A non-linear optimization approach proposed in U.S. Pat. No. 6,665,080 to Haertig et al. is carried out on a point-by-point basis to best fit all of the data points within the geometric tolerances. In other words, all of the data points are fit within the tolerance boundaries (i.e., within a tolerance zone) as best as possible without particular regard for the ideal definition of the part.
The reliability of the measured data points to represent actual dimensions of a test part also affects the reliability of the determinations as to whether measured test parts are actually within the tolerance zone. Measurement errors can lead to erroneous conclusions that some measured test parts are within the tolerance zone when they are not and other measured parts are not within the tolerance zone when they are. To reduce such errors, measurement uncertainties have been quantified, which allows for statistically better test part evaluations to be made.
The uncertainties of the test part measurements depend on a number of factors such as the accuracy of the measuring instruments, environmental conditions during the measurements, the properties of artifacts, the knowledge of meteorologists, and measurement techniques. The uncertainties can vary for each point of measurement. Standards have been developed to estimate the uncertainties and to apply the uncertainties to the acceptance or rejection of test parts against known tolerances.
Applying the estimated uncertainties to the fitted data allows more statistically accurate measurement results. Based on Gaussian error estimates, each measured point can be associated with an uncertainty range corresponding to a particular confidence interval. For example, the uncertainty range of a measured point can be set to correspond to a confidence interval of 95 percent covering a range of values within two standard deviations of the measured value. A so-called acceptance zone can be defined by contracting the tolerance zone boundaries on either side of the ideal part definition through a guard band corresponding to one-half of the uncertainty range. Measured points found within the acceptance zone have at least a 95 percent chance of actually being within the tolerance zone. Test parts in which all measured points fit within the acceptance zone are generally accepted as being within tolerance.

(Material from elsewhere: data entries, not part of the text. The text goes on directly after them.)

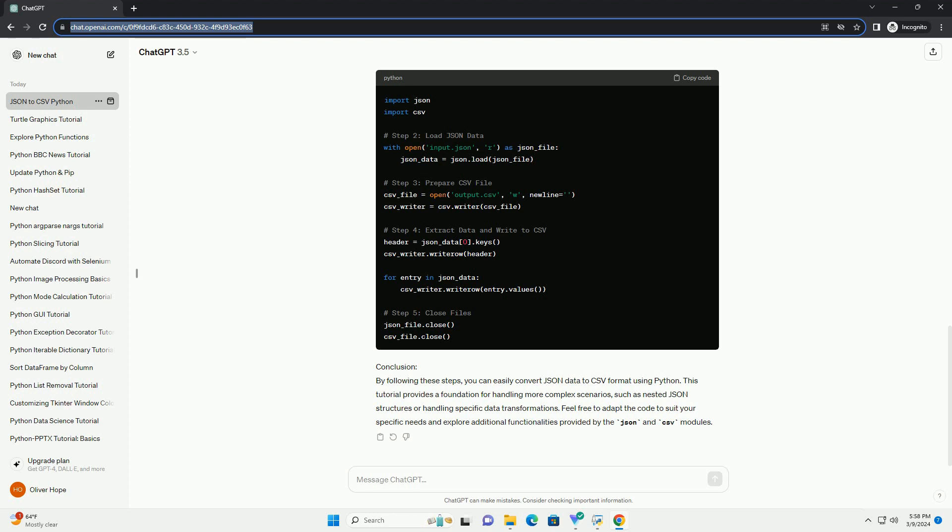you can easily convert JSON data to CSV format using Python. This tutorial provides a foundation for handling more complex scenarios, such as nested JSON structures or handling specific data transformations. Feel free to adapt the code to suit your specific needs and explore additional functionalities provided by the JSON and CSV modules.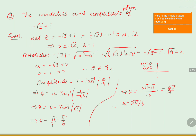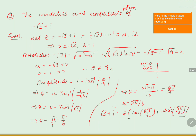Now we will write the modulus and amplitude form. Minus root 3 plus i equals modulus of z, which is 2, into cos theta plus i sin theta, where theta is 5 pi by 6. This can also be written as 2 into cis of 5 pi by 6.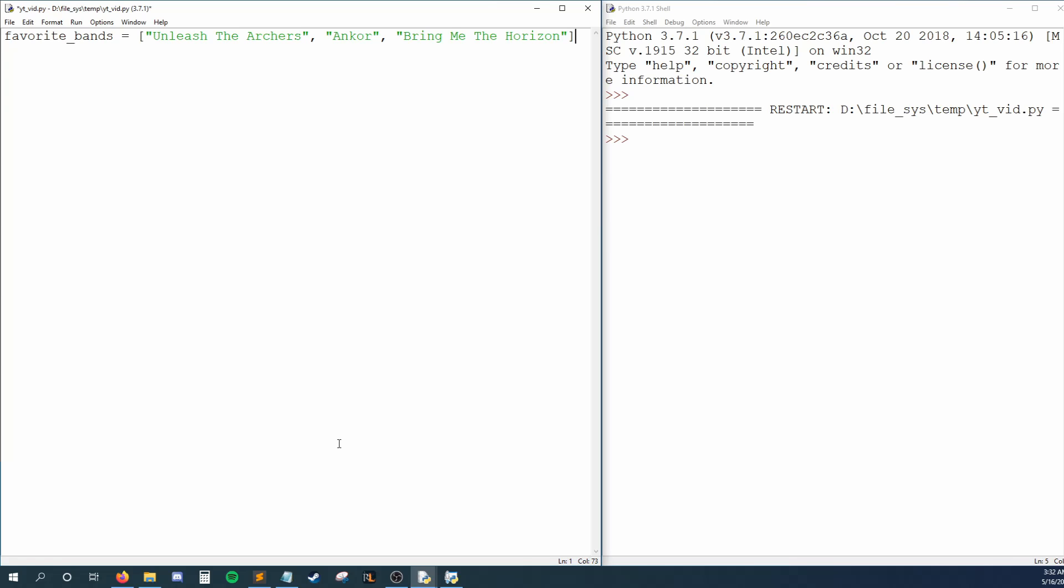Each item we put in a list is called an element. In our case, we are storing three strings within our list, meaning our list has three elements within it. Even though we are only using strings here, I want to point out that lists can hold elements of any data type.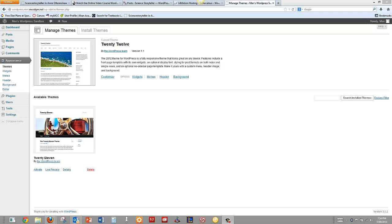Once you have your basic site set up in WordPress, generally you're going to want to optimize it and add different widgets, plugins, and change themes.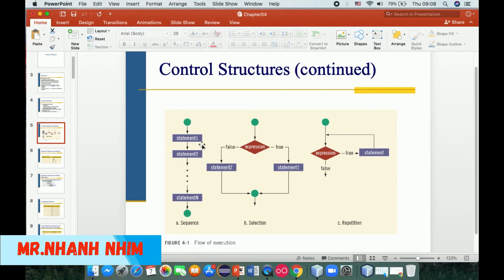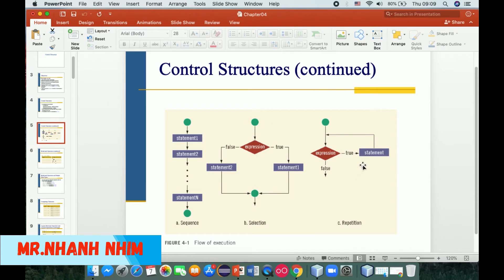The structure of control flow starts with statement one, statement two, up to statement n in sequence. Then for selection, we have an input and a condition or expression — if the expression is true we go to the right side, if it is false we go to the left side and print output. For another expression, if true we execute the statement; if false we go down and finish the loop.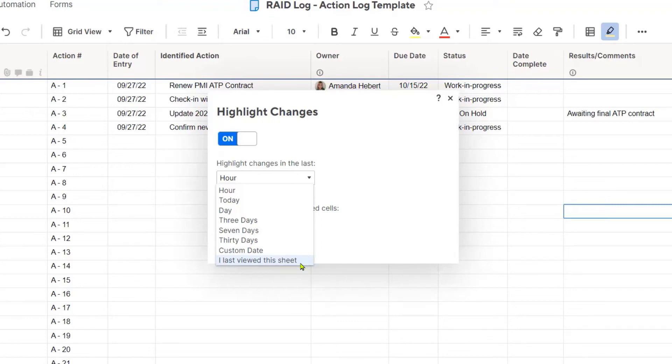That's not the only option here, as you see. You can highlight changes from within the last hour, today, one day, three days, seven days, 30 days, or a custom date.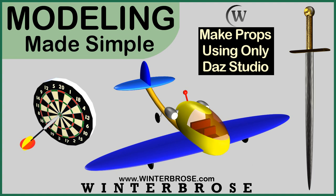Hello everybody, this is Roland with Winter Bros, and I'm excited to tell you about our new product, Modeling Made Simple. We're going to show you how to make models completely within DAS Studio, with no other applications required.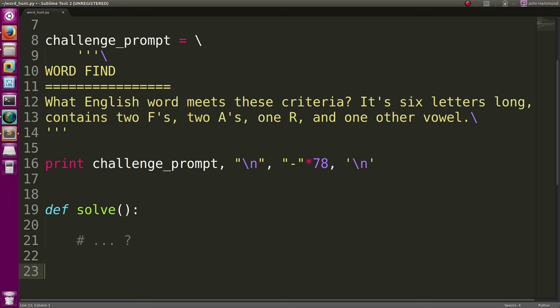Hey, what's going on everybody? My name is John Hammond. Welcome back to another YouTube video and tutorial. In this video, we're just cranking out the solution to our word find challenge.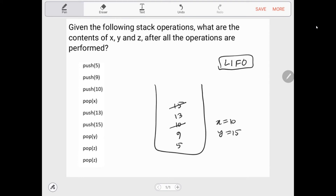Then we pop again and that's stored in z, so z equals 13. We pop once more — this pops 9 — so 13 is overwritten and the final value of z is 9. And that's how you do stack operations.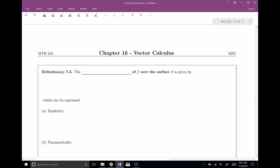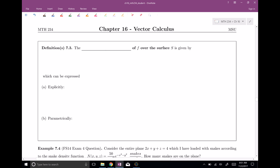Let me formalize this. Now that we have the notion of surface area, let's do a surface integral. We're going to have a surface integral of function f over surface S, given by the integral over the surface of f, where f can depend on x, y, z, times dS. This can be expressed in two different ways depending on if your surface is given explicitly or parametrically.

Uncertainty zones straddle the tolerance boundaries by one-half of the uncertainty range on each side. Measured points within the uncertainty zone cannot be determined to be either inside or outside the tolerance zone with the desired level of confidence. Test parts having measured points within the uncertainty zone are generally not accepted as being within tolerance. Test parts having measured points beyond the uncertainty zone are rejected as being out of tolerance.
Often the results of best fitting techniques and subsequent uncertainty analyses of measured data points are used to make decisions about the acceptance, non-acceptance, or rejection of test parts as well as on corrective actions needed to accept the parts. The rejection or non-acceptance of test parts that might actually be within tolerance or the acceptance of parts that might actually not be within tolerance can have significant consequences.